The personnel at Arisa has changed a little since its inception, but the Yekutiel-Pappo-Tobi trio was and remains its beating heart. Tobi, 25, is kind of the artistic director, responsible for shooting the videos that serve as party promos. Pappo, 29, is the house DJ, while Yekutiel, 27, is the performer/drag queen. They met through Tel Aviv’s nightlife scene, each getting there from a different point of origin – and not just geographically speaking. Tobi had moved from Omer, near Be’er Sheva, to study theater. Yekutiel had a particularly active YouTube channel, where he uploaded videos of himself appearing in drag, performing the songs of Jennifer Lopez and Christina Aguilera. Pappo, who studied philosophy, linguistics and history, used to hold henna parties in his apartment.
In the early years, they also had a fourth partner, Eliad Cohen, a young guy who had moved to Tel Aviv from Acre and was working as a barman. He has since become a global gay icon, starring in numerous ad campaigns – especially ones that require little clothing.
Yekutiel and Cohen successfully presented an alternative family model in the videos they produced. Cohen, with his ripped muscles, six-pack abs and hairy chest, played the role of the strong, muscular guy, while his partner, Yekutiel, sported a combination of both male and female attributes: on the one hand, he wore makeup and kitschy accessories; and on the other, he had a hairy chest and groomed mustache. He might be a dedicated mother or bimbo in a Mercedes, a soccer star or Brazilian Carnival dancer, a geisha or Breslav Hasid. Together, they played a wide range of couples – from a duo whose intense love becomes a blazing hatred, to the dynamic between a dandy and his controlling wife.
At first, Arisa attracted mainly an audience of Tel Aviv hipsters, who embraced the parties like they were some kind of cool joke that gave them permission to dance to Mizrahi music. But everything changed one night. The Arisa guys appeared at the Riff Raff Bar, which attracts cultural and media figures, as well as youngsters, and is considered a hipster stronghold. To this knowing crowd, Arisa was nothing more than comic relief.
“When we were in Riff Raff, they took us down,” recalls Pappo. “On the one hand, they wanted Arisa’s music – because that was the biggest thing that was happening in the world of hipsters. But then we played a song by [Israeli-Moroccan singer] Eti Levi and they simply stopped us.”

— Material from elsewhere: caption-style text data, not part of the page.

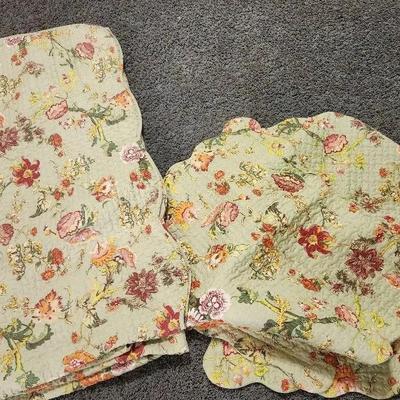 Floral Beadspread & Two Shams
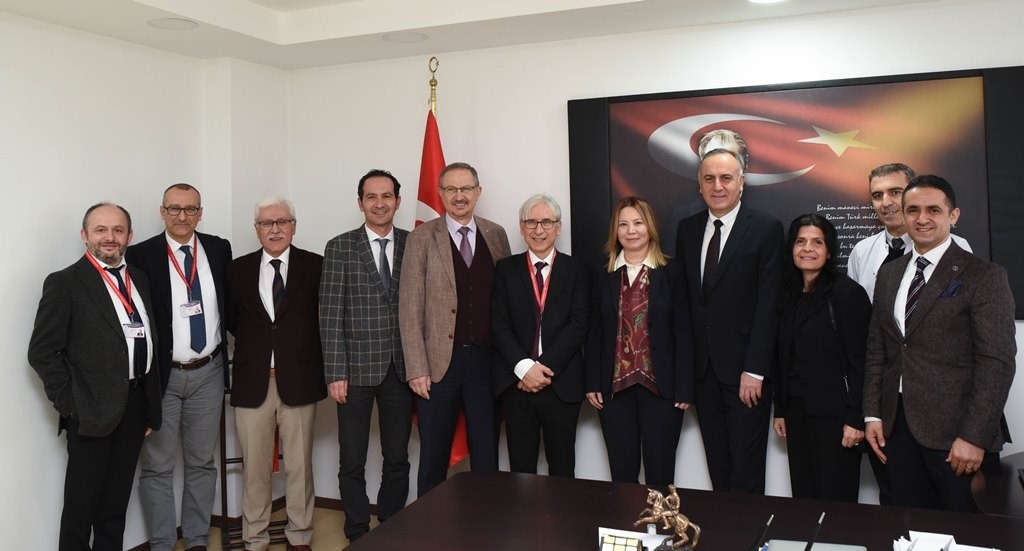 OM&Uuml; Tıp Fak&uuml;ltesi Dekanlığında g&ouml;rev değişimi
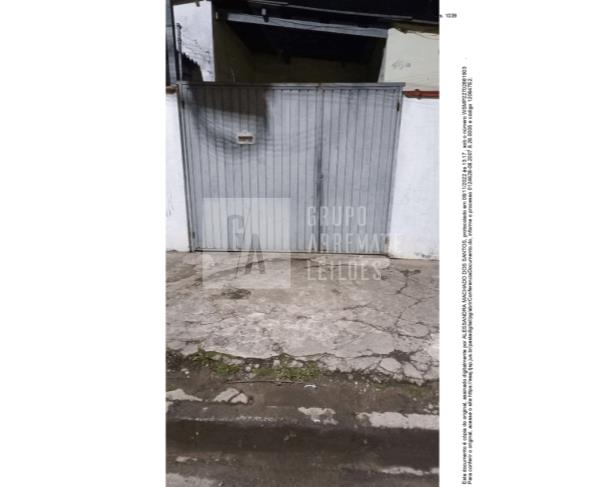 Terreno com 9 residências em São Paulo - Oportunidade Única!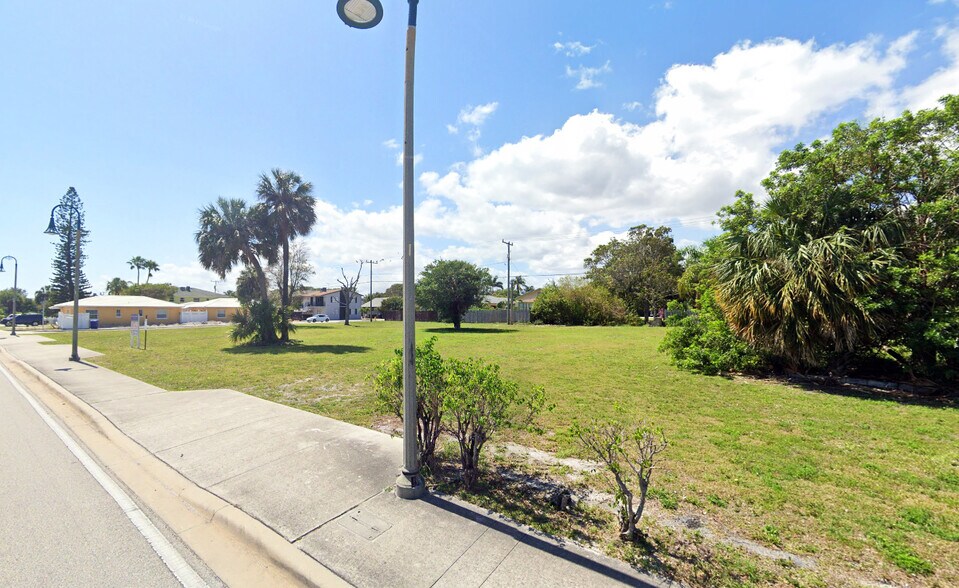 921-929 S Federal Hwy, Lake Worth, FL à vendre - Photo de l’immeuble – Image 2 sur 3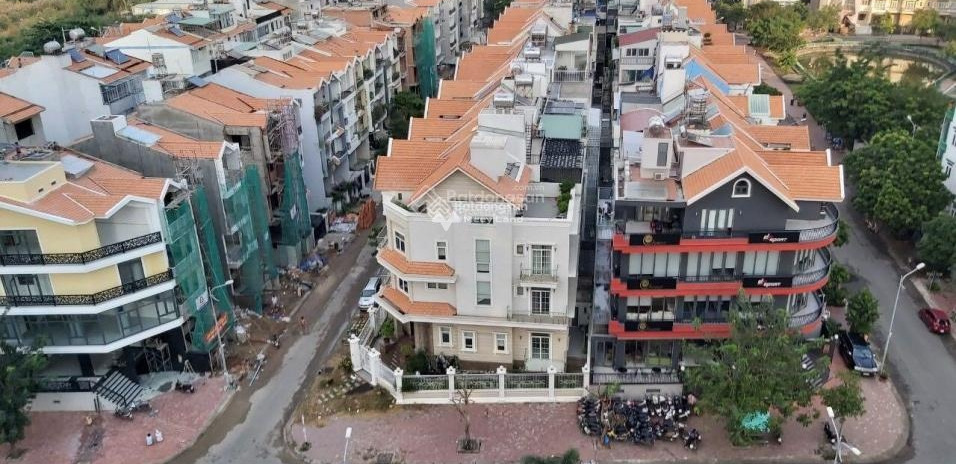 Có diện tích chung là 90m2, cho thuê nhà ở vị trí mặt tiền nằm ở Tân Hưng, Hồ Chí Minh, trong nhà tổng quan bao gồm 3 PN, 3 WC lh ngay!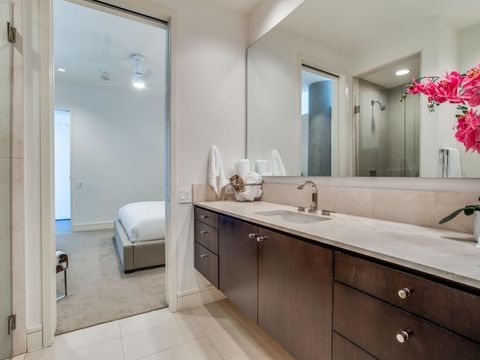 Tiny photo for 2408 Victory Park Lane #737, Dallas, TX 75219 (MLS # 21160981)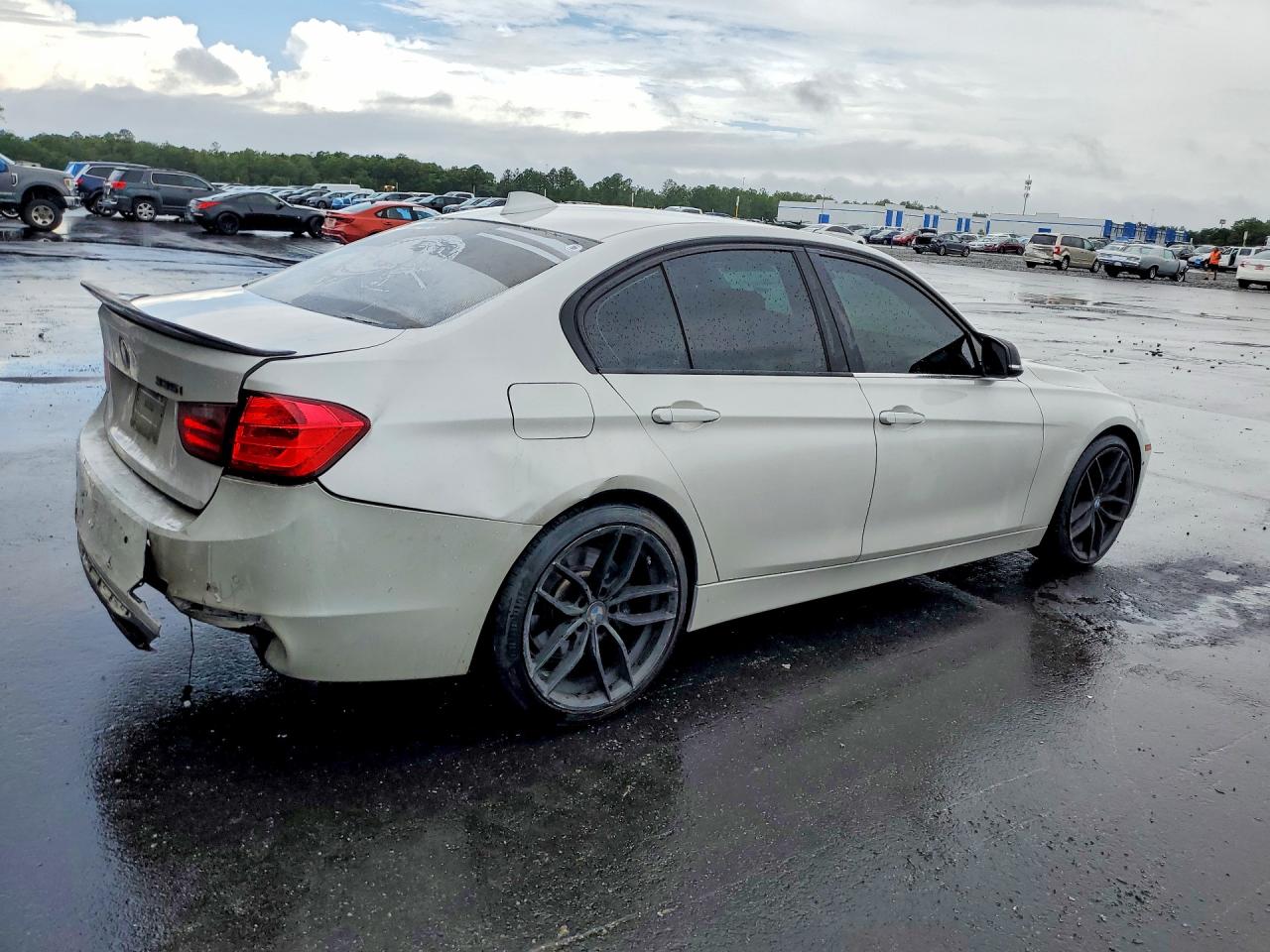 2013 Bmw 335 I White vin: WBA3A9C51DF475940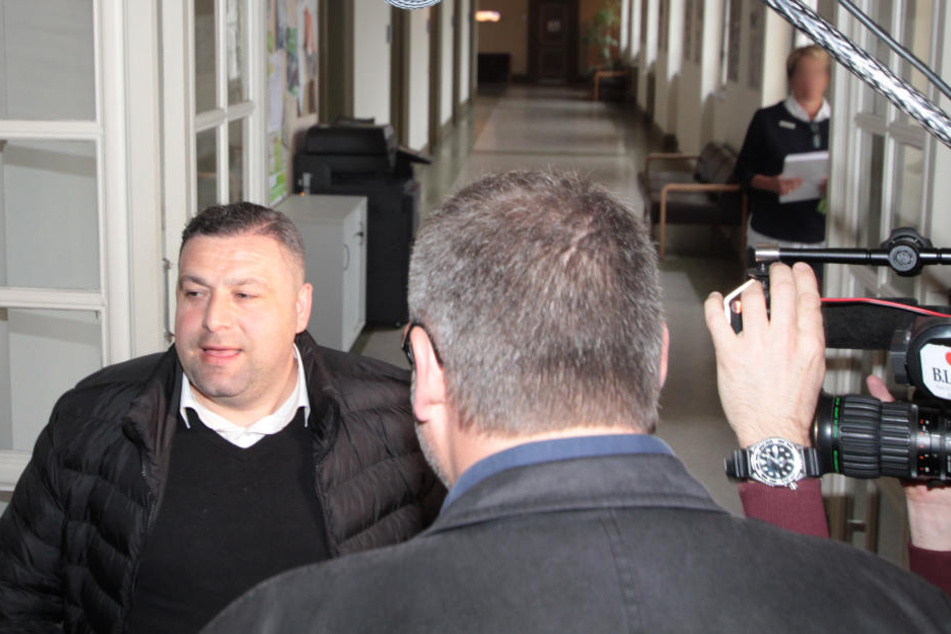 Ditib-Vorstandsmitglied Necati Aydin (li.) zog erste Konsequenzen nach den Videoaufnahmen.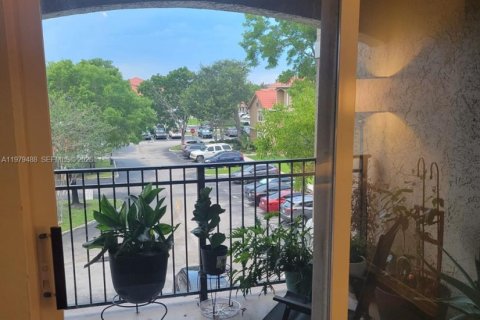 Купить кондоминиум в Пемброк-Пайнс, Флорида 2 спальни, № 2046231 - фото 3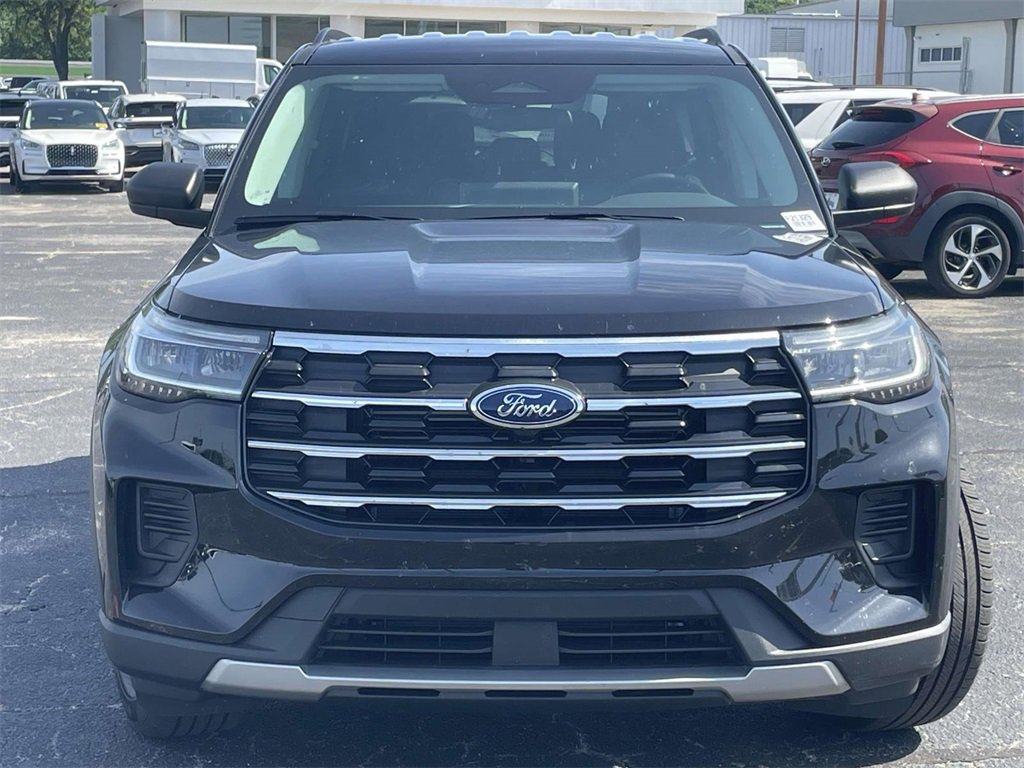 New 2025 Ford Explorer Active image 8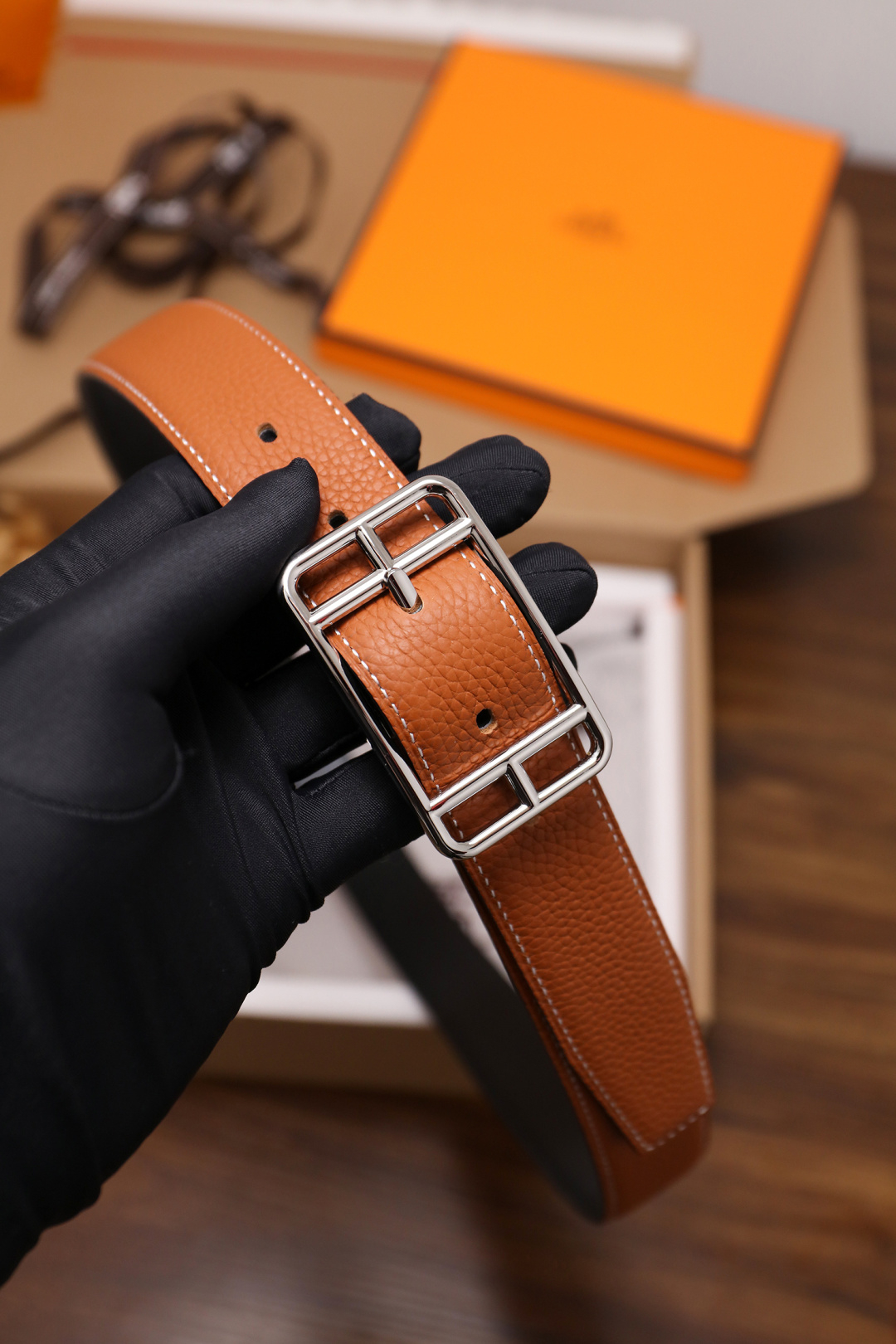 爱马仕 原单货品。双面可用 宽度3.2cm TOGO荔枝纹头层小牛皮搭配进口底皮。夹心我们也是用的纯皮，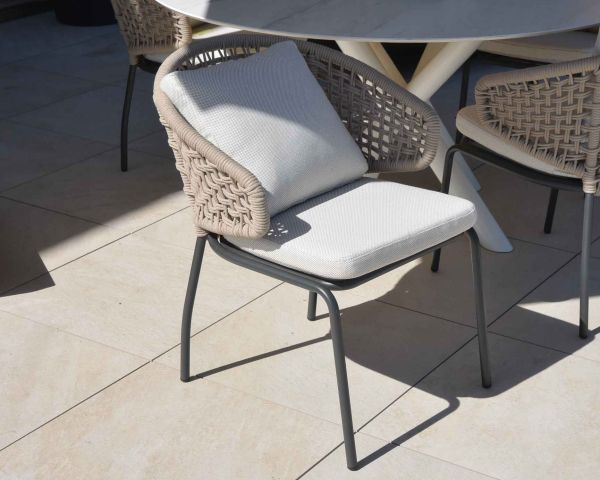 Chaise patio extérieure grise confortable Bella avec pouf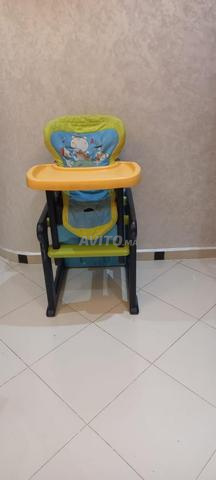 Chaise pour enfants avec table - 2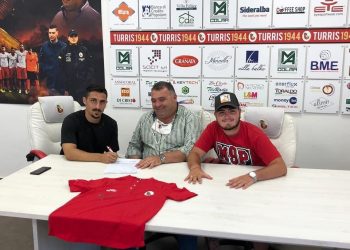 Ufficiale, Pasquale Rainone firma per la Turris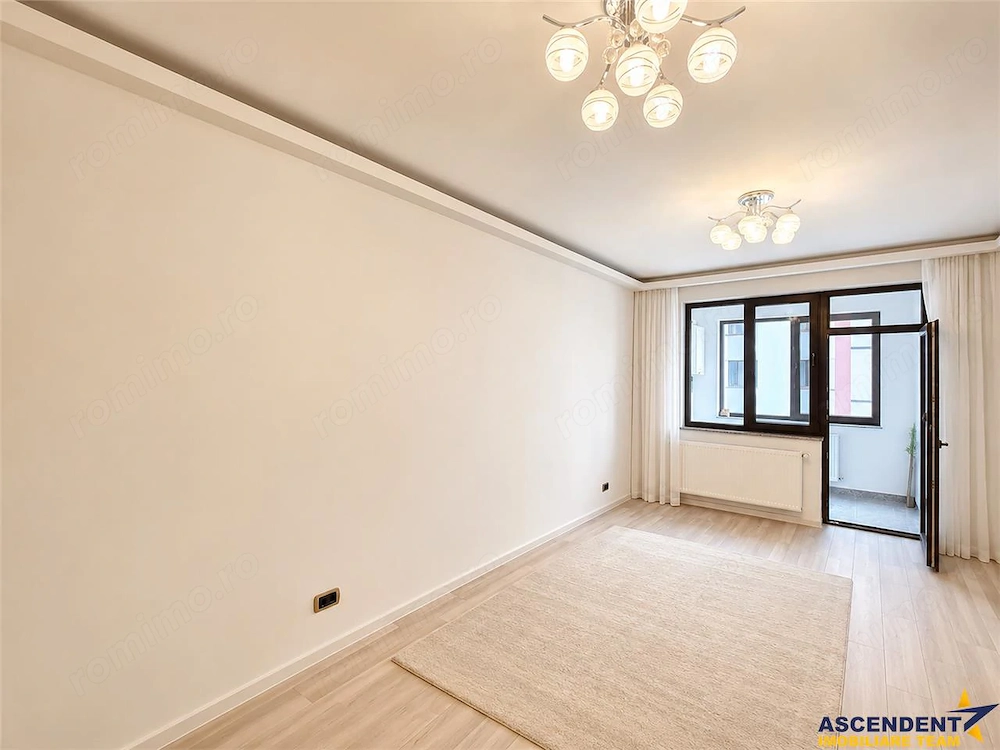 Compozitie generoasa, loc parcare, boxa, Isaran Residence, Tractorul, Brasov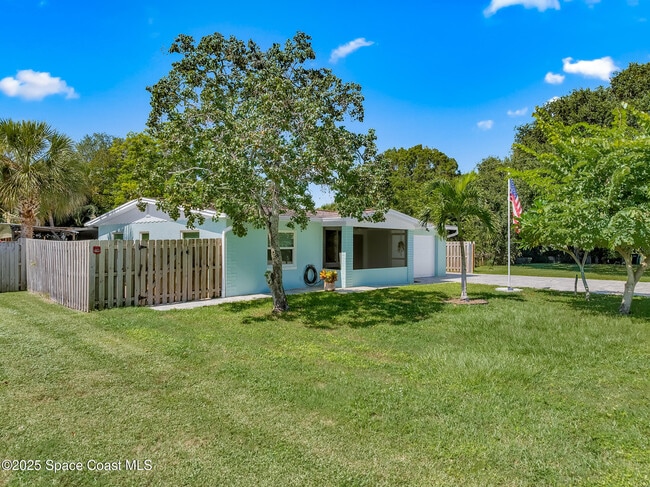 Building Photo - 285 Le Jeune Dr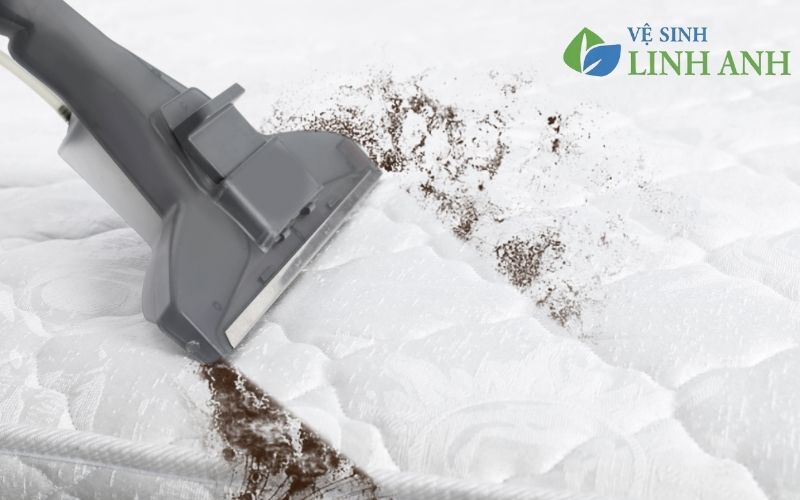 Dịch vụ giặt nệm tại nhà có mức giá phụ thuộc vào độ bẩn, loại nệm,...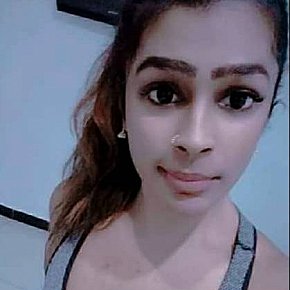 Reenna Matura escort in Kuala Lumpur offers 69 Position services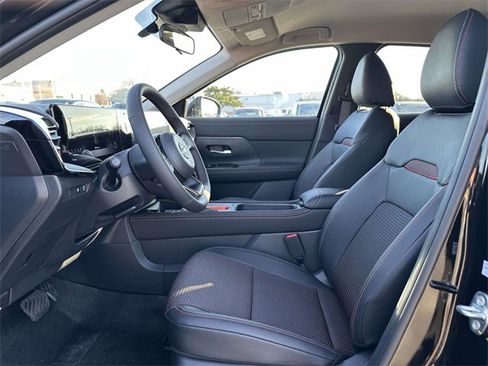 New 2026 Nissan Kicks SR image 16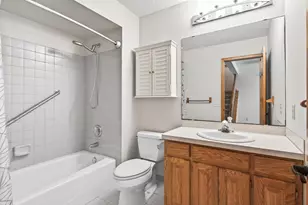 4119 Thornhill Ln, Vadnais Heights, MN 55127 - Photo 18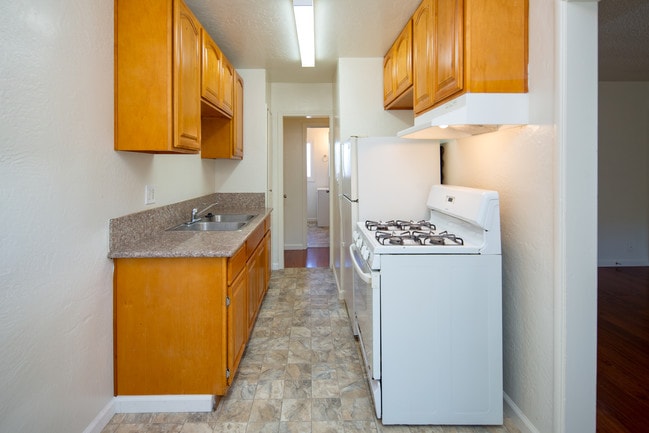 Kitchen - The Del Mar in Sacramento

And then, says Tobi, they finally understood who their real audience was. For the next party, Arisa brought in Liat Banai, a Mizrahi singer who broke onto the scene at age 16 and was crowned “the queen of depression” because of her sad songs, and then got married and disappeared.
According to Yekutiel, this was the first party where the Tel Aviv crowd who saw Arisa as ironic fun finally stopped attending. In their place, people who really connected with the music started showing up. “Of course, we never saw all of this as a joke,” Yekutiel hastens to add.